European Commission President Ursula von der Leyen said that “from the very beginning on we have been very clear that we are monitoring the development related to this agreement very closely.”
Under a five-year deal signed last November by Italian Premier Giorgia Meloni and her Albanian counterpart, Edi Rama, up to 3,000 migrants picked up by the Italian coast guard in international waters each month will be sheltered in Albania. Their asylum requests will be processed there.
Italy has agreed to welcome those migrants who are granted asylum, while those whose applications are rejected face deportation directly from Albania.
The first 12 migrants sheltered last week in Albanian centers were brought back to Italy three days later, following a ruling by Rome judges, who rejected their detention, arguing that their countries of origin — Bangladesh and Egypt — were not safe enough for them to be sent back.
Italy’s far-right government on Monday approved a new decree aimed at overcoming judicial hurdles that risked derailing a controversial migration deal with Albania.
Under the new decree — which is effective immediately — the government shortened the list of countries considered “safe” by law, meaning that Rome can repatriate to those countries migrants who didn’t win asylum using a fast-track procedure.
The court ruling was an early stumbling block to the five-year deal between Italy and Albania.
Italian Premier Minister Giorgia Meloni has strongly pushed the deal, defending it as a new “model” to handle illegal migration.
In a letter to EU leaders last December, a month after the deal was signed in Rome, von der Leyen praised “important initiatives” on restricting migration by some of the bloc’s 27 member countries, including “the operational arrangement between Italy and Albania.”
“This serves as an example of out-of-the-box thinking, based on fair sharing of responsibilities with third countries in line with obligations under EU and international law,” she wrote.
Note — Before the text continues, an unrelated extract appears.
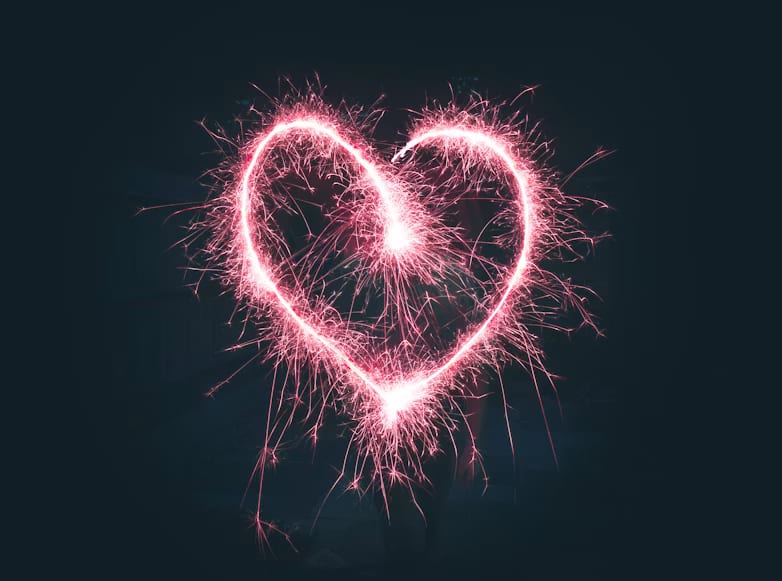 Sparkler light painting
Von der Leyen was in Tirana on Monday as part of a regional tour to reassure the Western Balkan countries that the enlargement of the trade bloc remained one of its priorities. She only said that the Italy-Albania deal was “a bilateral agreement” which the EU would not comment on but only monitor.
Human rights groups and NGOs active in the Mediterranean have slammed the agreement as a dangerous precedent which conflicts with international laws.